What the exercise asks
What you give back from the listing below should be an exact copy of the lines from the one with "Total Graph of Invulnerable" down to the one with "Росстат Недельная инфляция", and it should contain no pictures.

Dataset
===

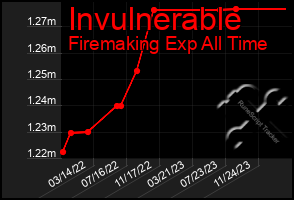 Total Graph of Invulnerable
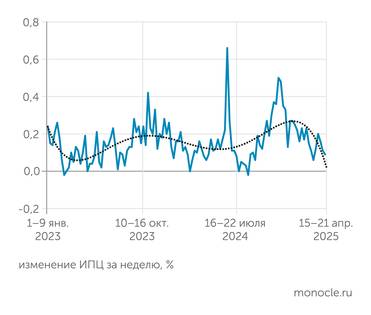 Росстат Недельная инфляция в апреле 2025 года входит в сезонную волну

===

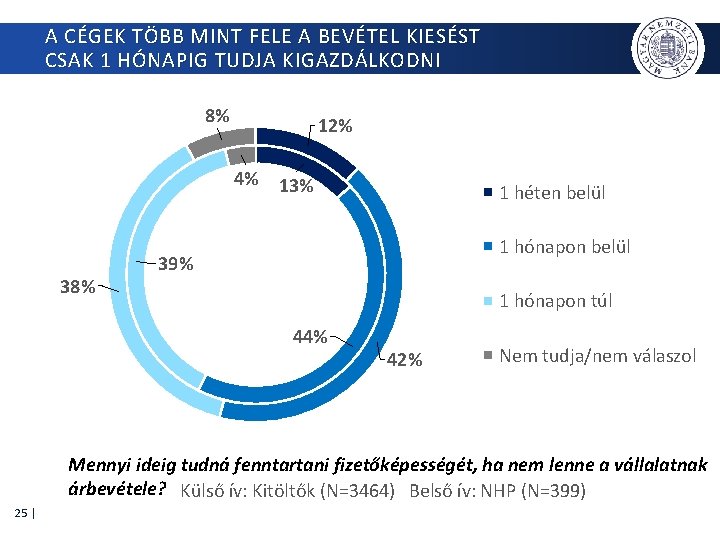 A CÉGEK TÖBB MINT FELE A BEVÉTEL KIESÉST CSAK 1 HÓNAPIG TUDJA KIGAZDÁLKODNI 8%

===

Solution for this exercise
 Total Graph of Invulnerable
 Росстат Недельная инфляция в апреле 2025 года входит в сезонную волну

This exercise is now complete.